• What the task asks:
Locate the line that contains "Slide of Ridgecut Roofing" in the data that follows. Copy it and every subsequent line to the end, exactly, excluding pictures.
-------------------------
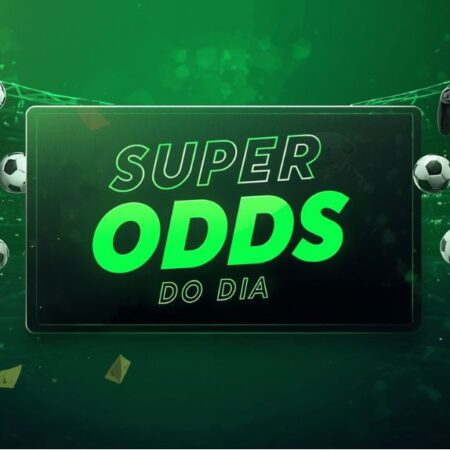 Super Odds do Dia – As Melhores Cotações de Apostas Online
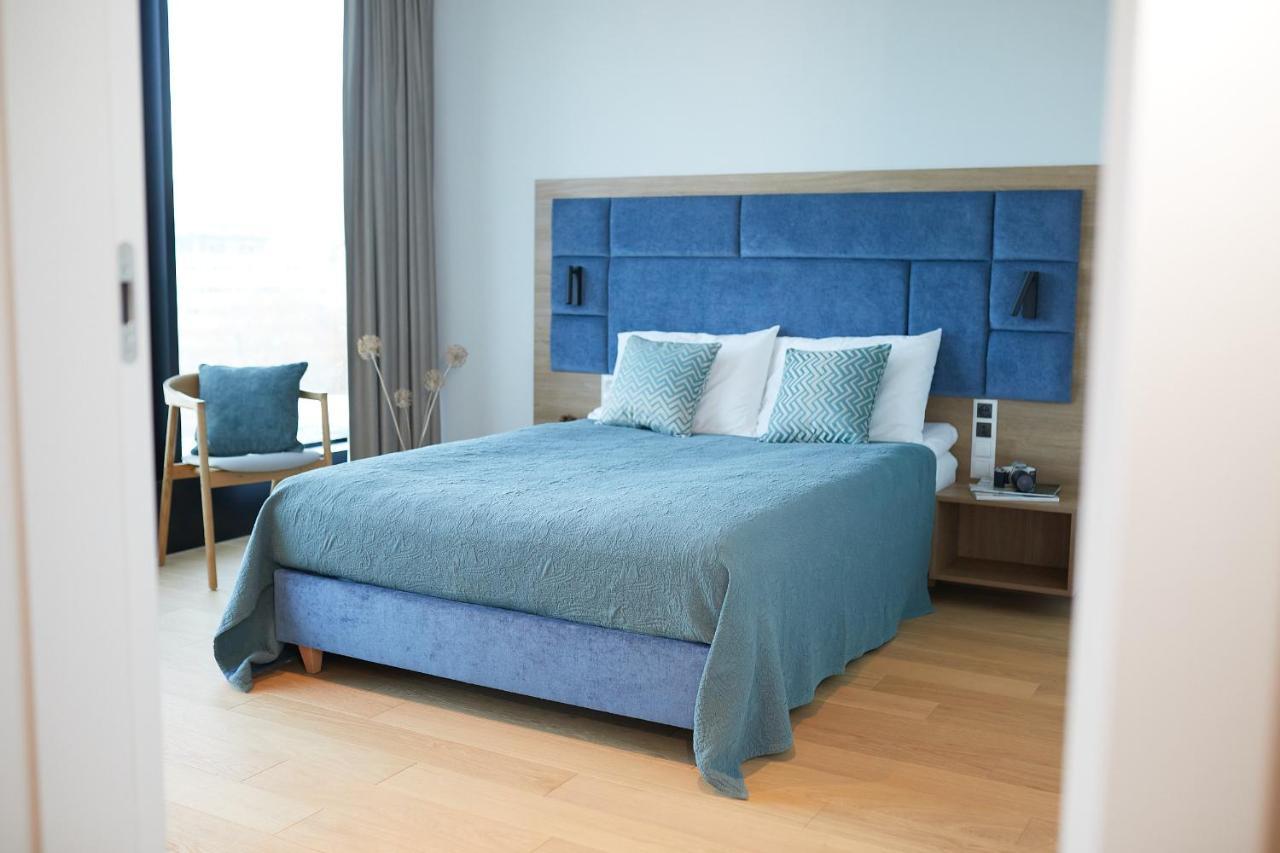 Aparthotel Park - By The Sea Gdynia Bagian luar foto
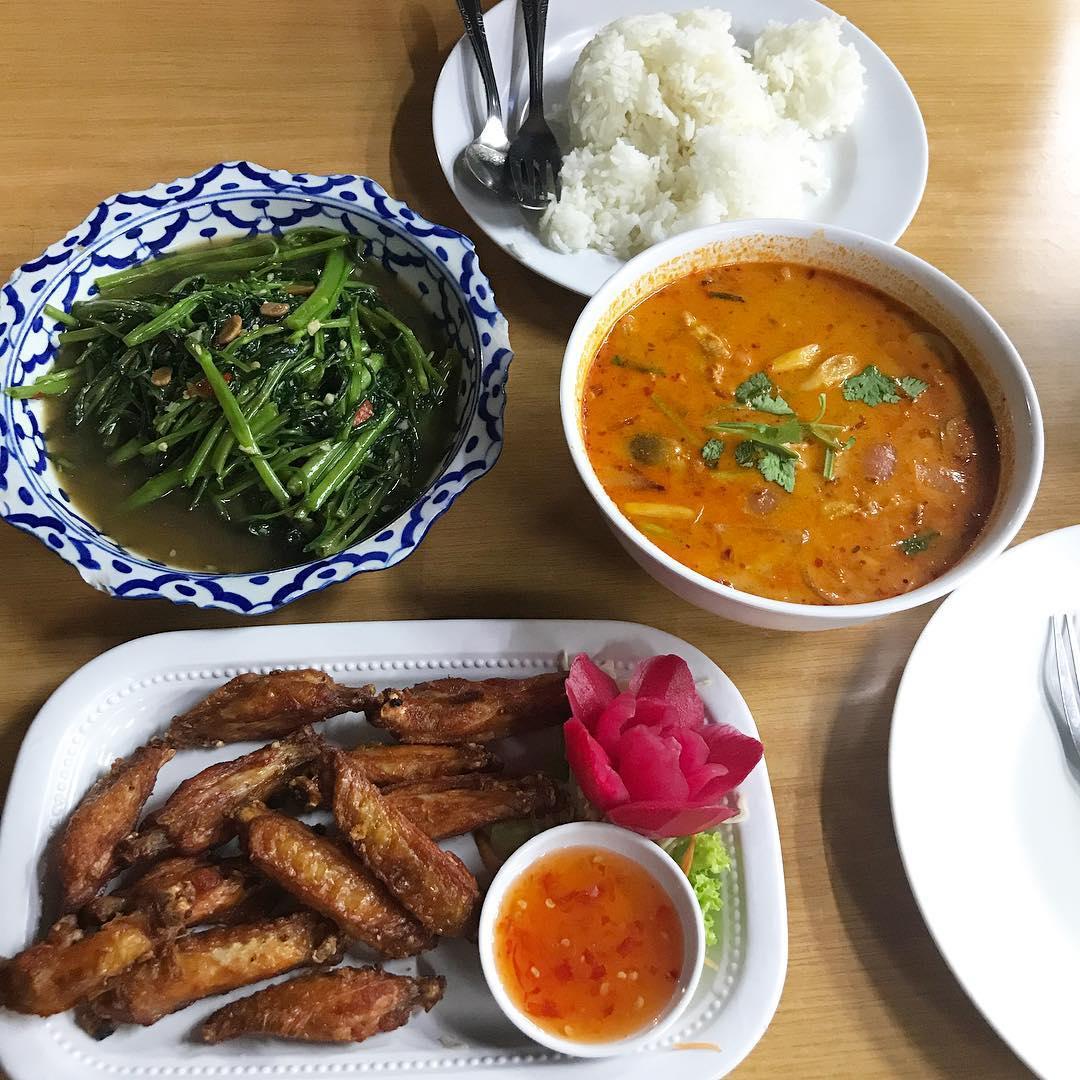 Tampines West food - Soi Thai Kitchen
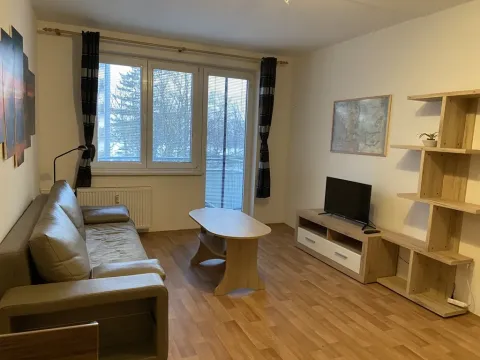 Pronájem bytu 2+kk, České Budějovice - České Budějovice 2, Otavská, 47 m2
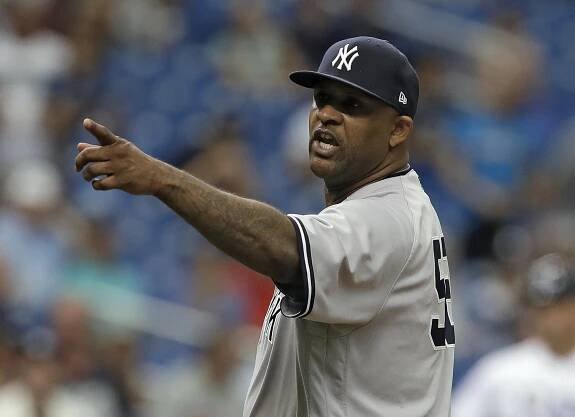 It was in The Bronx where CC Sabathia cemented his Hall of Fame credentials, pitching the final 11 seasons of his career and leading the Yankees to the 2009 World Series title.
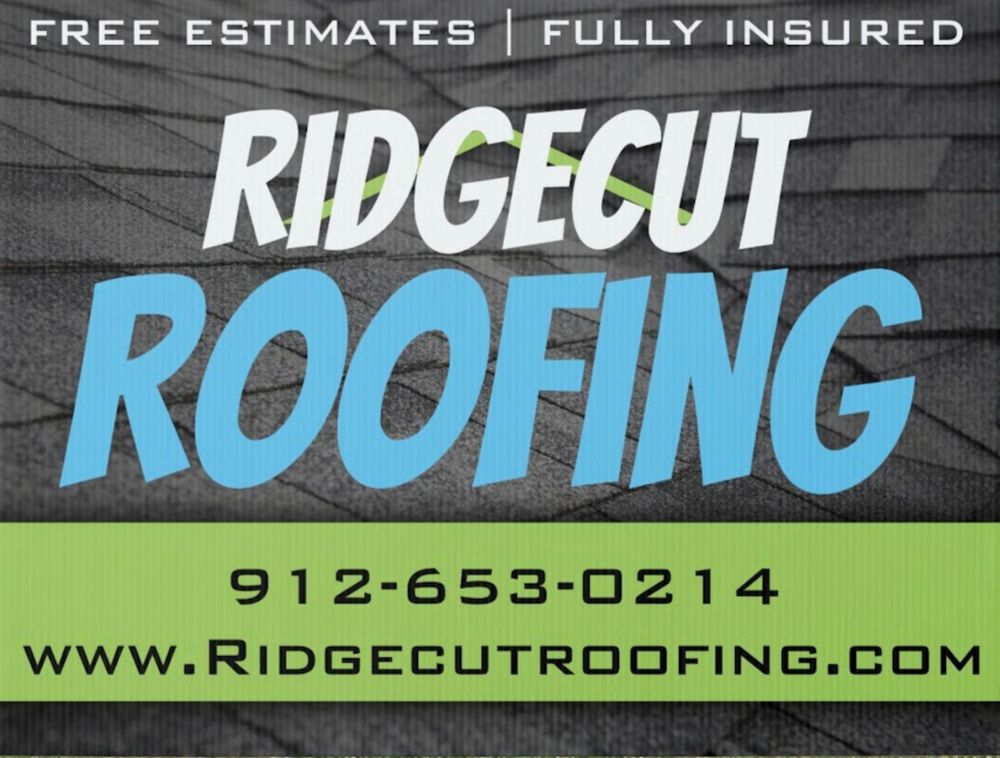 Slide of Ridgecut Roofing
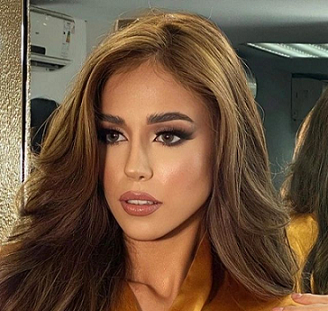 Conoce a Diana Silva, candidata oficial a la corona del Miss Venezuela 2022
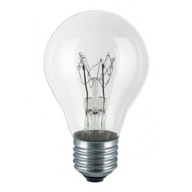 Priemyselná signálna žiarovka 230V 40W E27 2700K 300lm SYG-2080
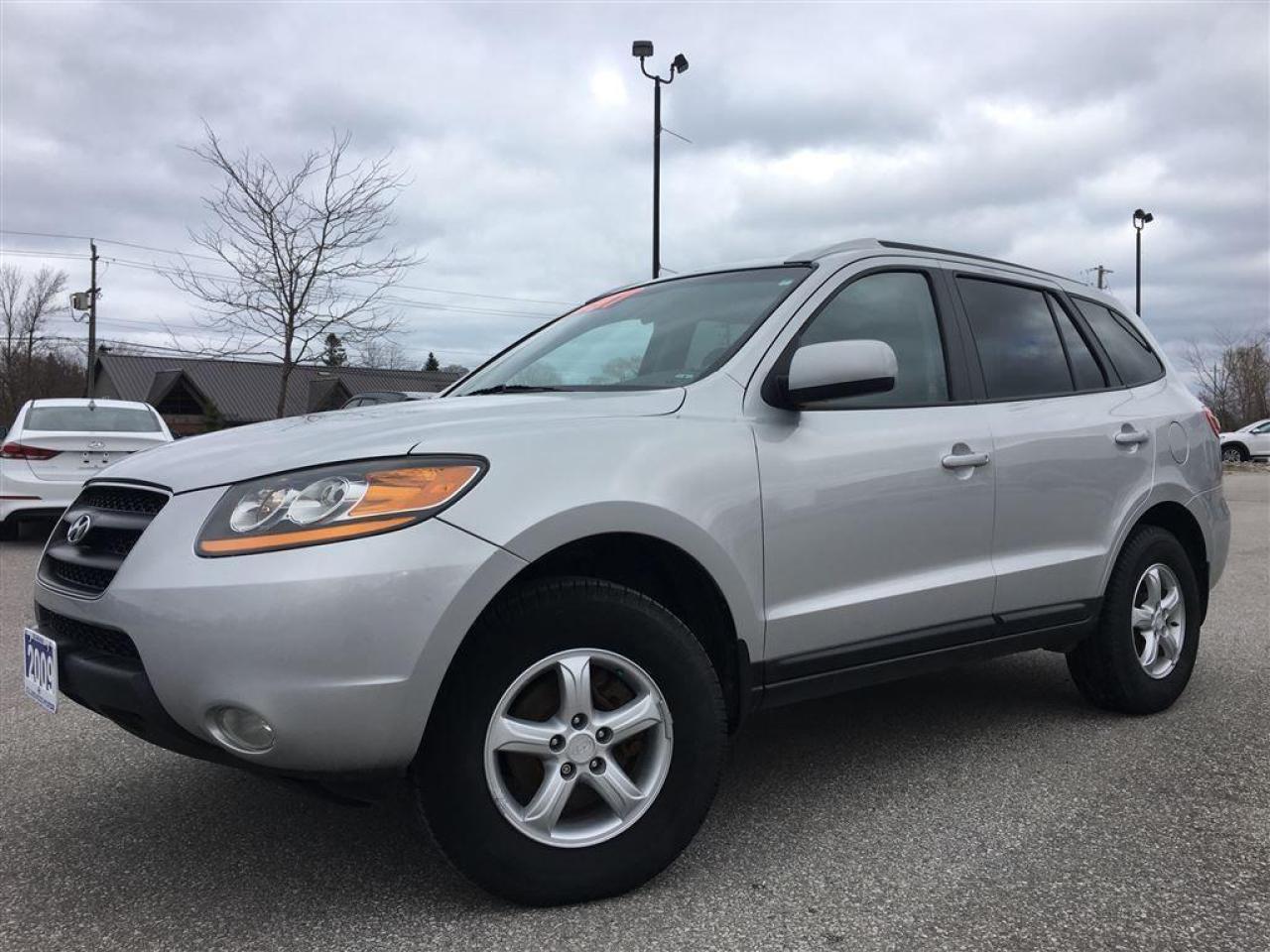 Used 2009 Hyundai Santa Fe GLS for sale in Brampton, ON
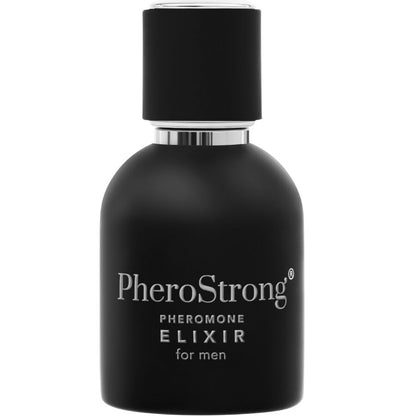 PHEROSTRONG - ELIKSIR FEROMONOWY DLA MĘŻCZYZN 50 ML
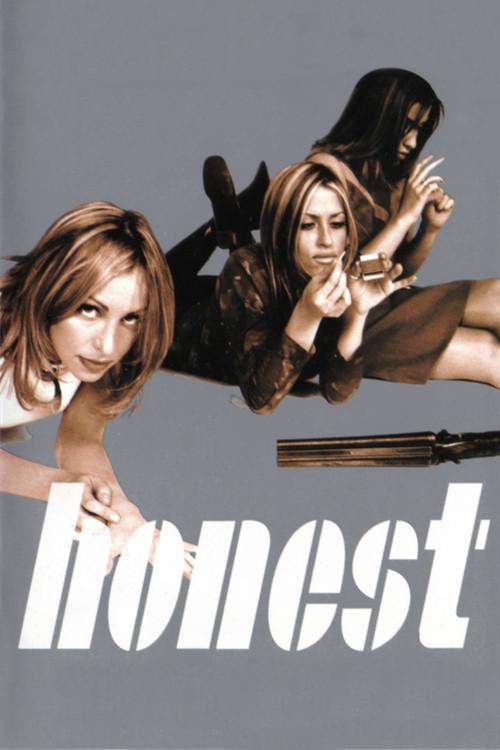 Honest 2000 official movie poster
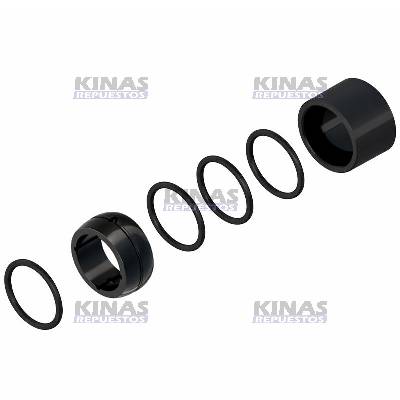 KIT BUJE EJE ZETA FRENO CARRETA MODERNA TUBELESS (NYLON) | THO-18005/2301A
-------------------------
• Task answer:
 Slide of Ridgecut Roofing
 Conoce a Diana Silva, candidata oficial a la corona del Miss Venezuela 2022
 Priemyselná signálna žiarovka 230V 40W E27 2700K 300lm SYG-2080
 Used 2009 Hyundai Santa Fe GLS for sale in Brampton, ON
 PHEROSTRONG - ELIKSIR FEROMONOWY DLA MĘŻCZYZN 50 ML
 Honest 2000 official movie poster
 KIT BUJE EJE ZETA FRENO CARRETA MODERNA TUBELESS (NYLON) | THO-18005/2301A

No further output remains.